Work to complete: Reproduce the listing below from the line with "Katla Macher Jhol With Sabzi" to the line with "2710 25TH STREET SW, Lehigh Acres, FL 33976", both lines included, character for character, minus any pictures.

Material provided below:

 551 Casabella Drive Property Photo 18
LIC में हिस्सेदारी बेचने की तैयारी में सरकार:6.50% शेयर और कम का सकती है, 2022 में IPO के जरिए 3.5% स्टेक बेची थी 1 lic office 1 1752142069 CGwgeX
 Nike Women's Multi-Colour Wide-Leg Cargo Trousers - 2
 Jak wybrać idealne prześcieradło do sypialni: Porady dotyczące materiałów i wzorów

End of Material provided.
Material provided below:

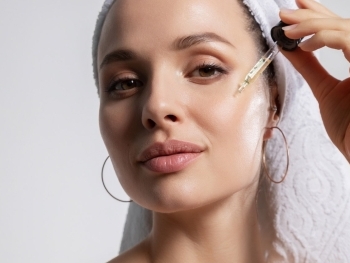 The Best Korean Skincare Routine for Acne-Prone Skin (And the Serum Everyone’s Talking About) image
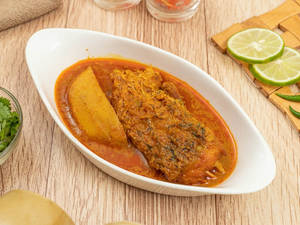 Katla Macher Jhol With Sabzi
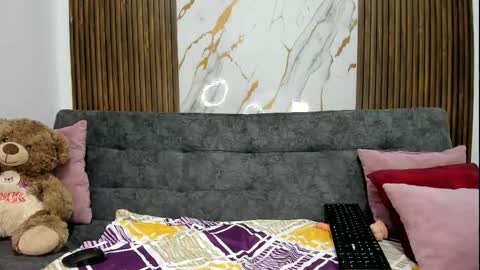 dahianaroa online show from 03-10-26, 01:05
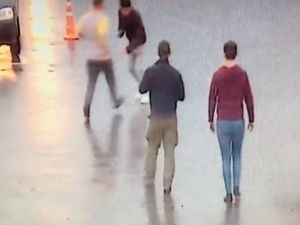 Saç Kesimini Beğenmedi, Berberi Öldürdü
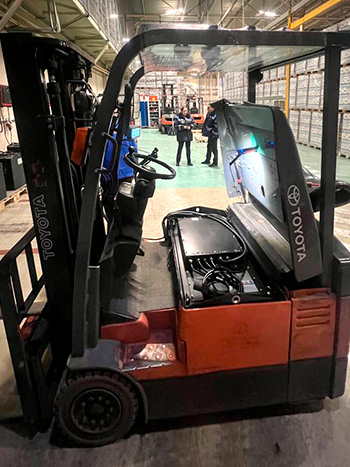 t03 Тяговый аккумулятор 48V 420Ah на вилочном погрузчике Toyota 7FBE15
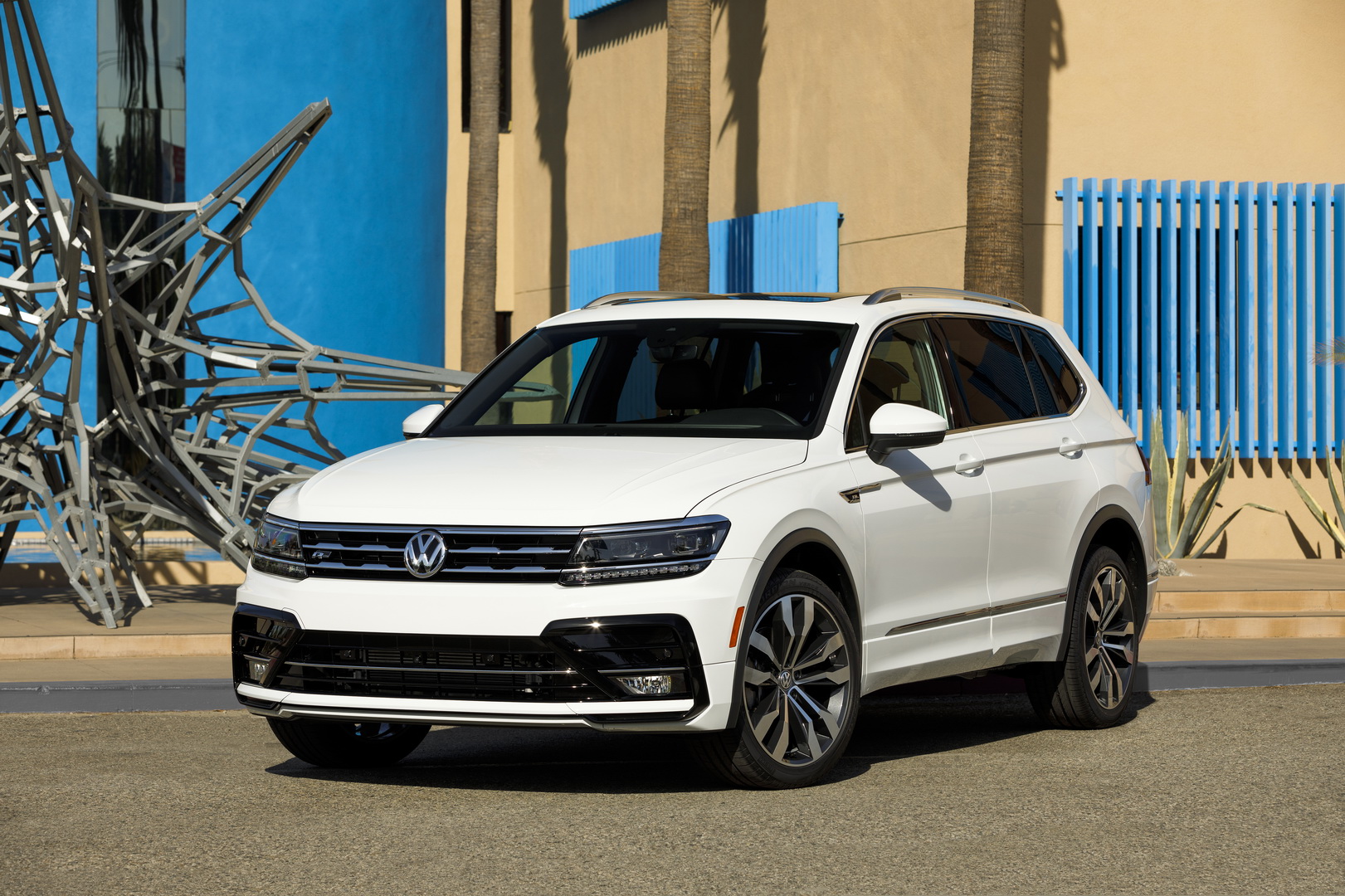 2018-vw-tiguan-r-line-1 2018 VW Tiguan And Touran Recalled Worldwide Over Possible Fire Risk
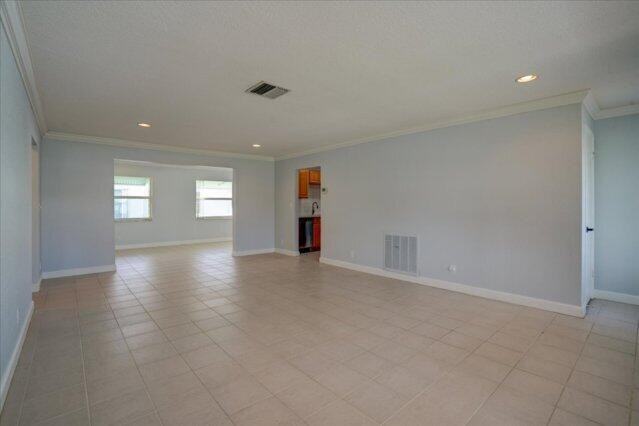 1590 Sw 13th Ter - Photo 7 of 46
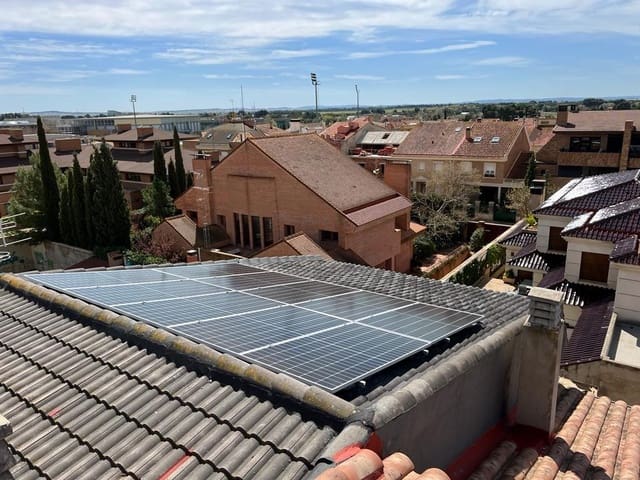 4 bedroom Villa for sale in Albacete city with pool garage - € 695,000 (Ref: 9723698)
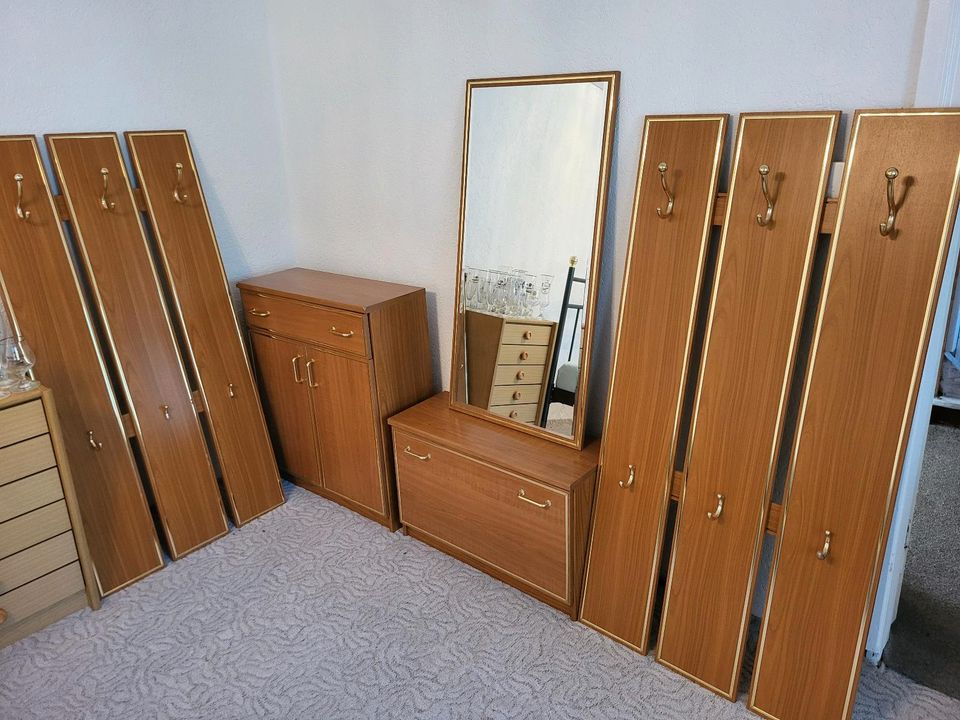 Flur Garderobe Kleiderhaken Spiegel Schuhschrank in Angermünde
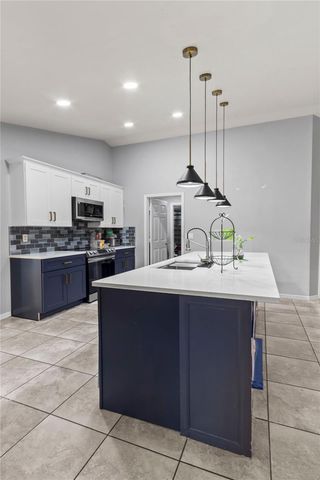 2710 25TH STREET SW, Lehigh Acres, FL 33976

End of Material provided.

Expected answer:
 Katla Macher Jhol With Sabzi
 dahianaroa online show from 03-10-26, 01:05
 Saç Kesimini Beğenmedi, Berberi Öldürdü
 t03 Тяговый аккумулятор 48V 420Ah на вилочном погрузчике Toyota 7FBE15
 2018-vw-tiguan-r-line-1 2018 VW Tiguan And Touran Recalled Worldwide Over Possible Fire Risk
 1590 Sw 13th Ter - Photo 7 of 46
 4 bedroom Villa for sale in Albacete city with pool garage - € 695,000 (Ref: 9723698)
 Flur Garderobe Kleiderhaken Spiegel Schuhschrank in Angermünde
 2710 25TH STREET SW, Lehigh Acres, FL 33976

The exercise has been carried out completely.